Security and Configuration

Antelop has a number of interacting components, so it is therefore worth briefly discussing some of the security and configuration considerations that we have taken into account when developing the software.

Database credentials

We use the following database accounts for the MySQL database and S3 object store:

The root user, whose credentials should obviously be kept securely by the database administrator.
Users with SELECT, INSERT, DELETE and UPDATE priviledges on all Antelop tables, with one MySQL user per lab member.
Optional additional users with just SELECT priviledges for sharing data with collaborators.

These define the credentials used by the webapp and nextflow pipelines to connect to the database. We use identical credentials for the MySQL and S3 databases.

We enforce further permissions at the application level. It is therefore important that users only access antelop through the gui or python interface - they could bypass these application level permissions if they connect through a different MySQL client. This is why it is also important to only share these credentials with trusted users such as lab members. If you need to share data more widely with collaborators, then use a user with just SELECT priviledges.

Application permissions

The application level privileges are enforced in the src/antelop/connection/permission.py script. Whenever a user logs in, the DataJoint tables are modified in this script to override the built in DataJoint methods such as insert and delete, to enforce our permissions. Furthermore, some permissions are also enforced inside the gui, such as what page a user can access. This is not necessary to protect the database but simply helps a user understand what actions they can and cannot perform.

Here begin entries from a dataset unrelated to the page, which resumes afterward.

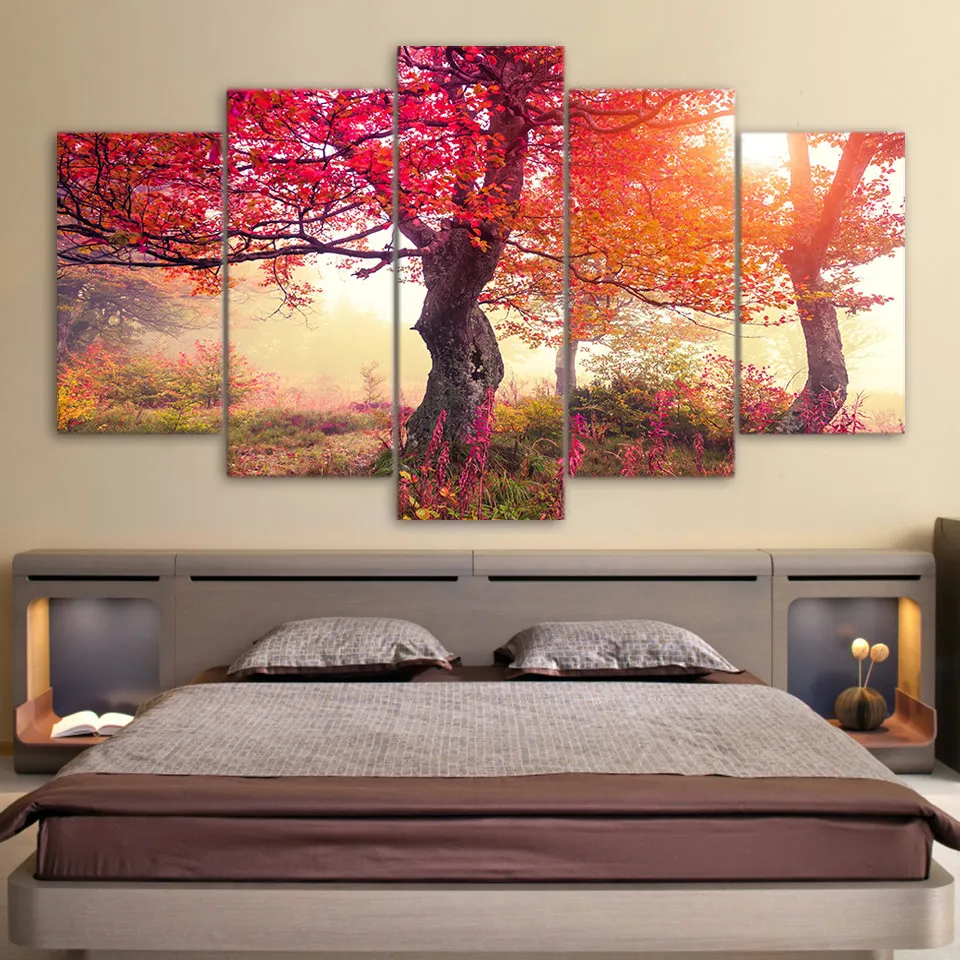 

HD Printed 5 Piece Painting Seasons Trees Red Trees Forest Painting Large Canvas Art Wall Pictures for Living Room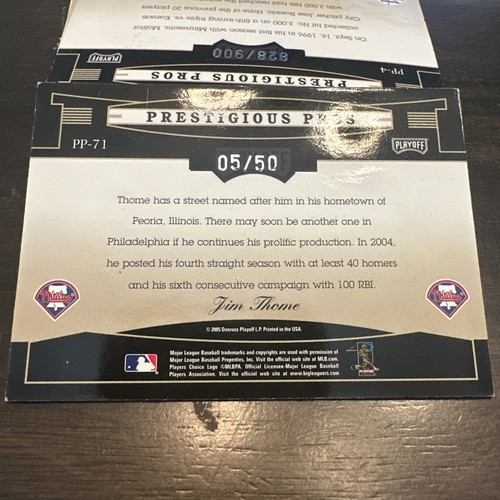 2005 Playoff Prestige Prestigious Pros Gold /50 Jim Thome #PP-71 HOF - Bild 4 von 5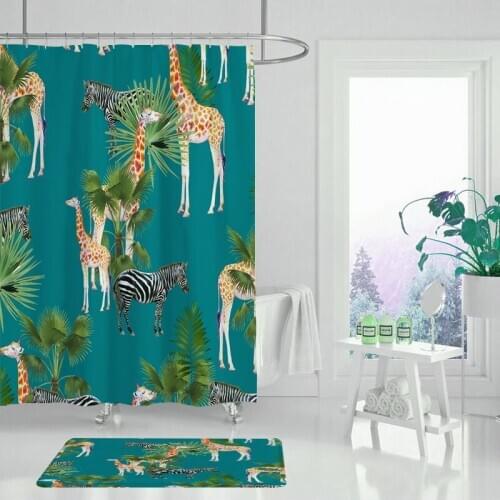 Bath shower curtain bathroom curtain flower bird curtain bathroom 2020 summer waterproof shower curtain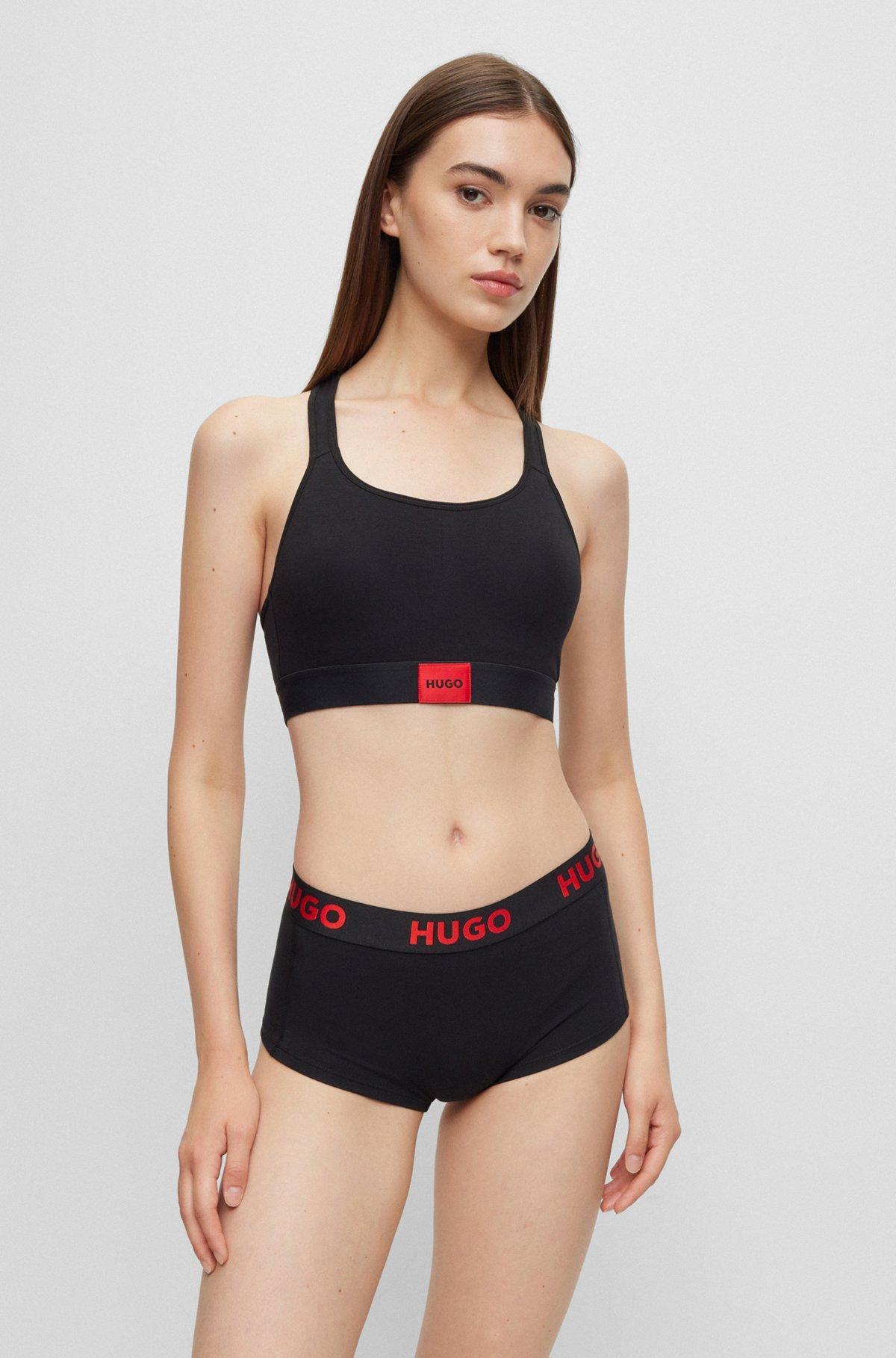 Stretch-cotton bralette with logo label Product Image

Of particular importance is the Experimenter table. This table should corresond one-to-one with MySQL users. Data ownership is enforced via inheritance from this table. All tables in antelop inherit from this tables, so all data entries have the experimenter primary key attribute. Comparison of this attribute with the logged in username is how permissions are enforced.

We also introduce the concept of temporary deletes. All tables have the tablename_deleted attribute, which can be True or False. Temporary deletes simply correspond to changing this attribute. The gui reads this attribute and displays only non-temporarily deleted data, so it acts like a full delete, but administrators have the ability to recover data. There are some considerations here concerning database integrity; ie, how to ensure no non-deleted data has deleted parents, which is discussed in Restore entries.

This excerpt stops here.